» **REQUIREMENT**: Only the lines below from the one containing "Traueranzeige von Christa" to the one containing "VidaXL Tăblii de" should be repeated, both included and unchanged.

» **DATA FOR PROCESSING**:
::::::::::

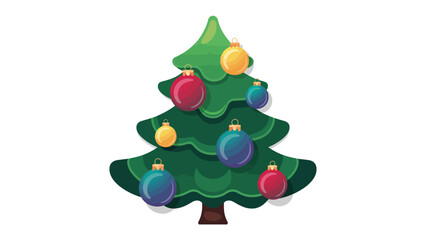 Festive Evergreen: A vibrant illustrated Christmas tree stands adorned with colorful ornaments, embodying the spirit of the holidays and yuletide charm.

::::::::::

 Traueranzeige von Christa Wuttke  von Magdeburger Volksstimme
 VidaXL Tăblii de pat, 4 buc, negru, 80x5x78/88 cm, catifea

::::::::::

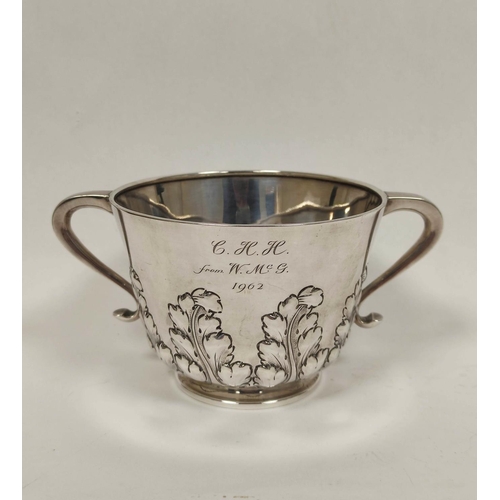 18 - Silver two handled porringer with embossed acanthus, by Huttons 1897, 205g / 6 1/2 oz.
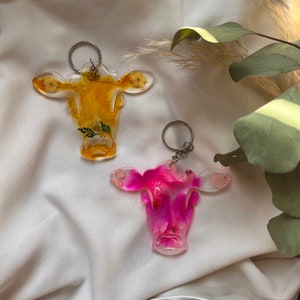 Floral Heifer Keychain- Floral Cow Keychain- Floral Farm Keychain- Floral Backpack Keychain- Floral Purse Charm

::::::::::

» **COMPLETED TASK**:
 Traueranzeige von Christa Wuttke  von Magdeburger Volksstimme
 VidaXL Tăblii de pat, 4 buc, negru, 80x5x78/88 cm, catifea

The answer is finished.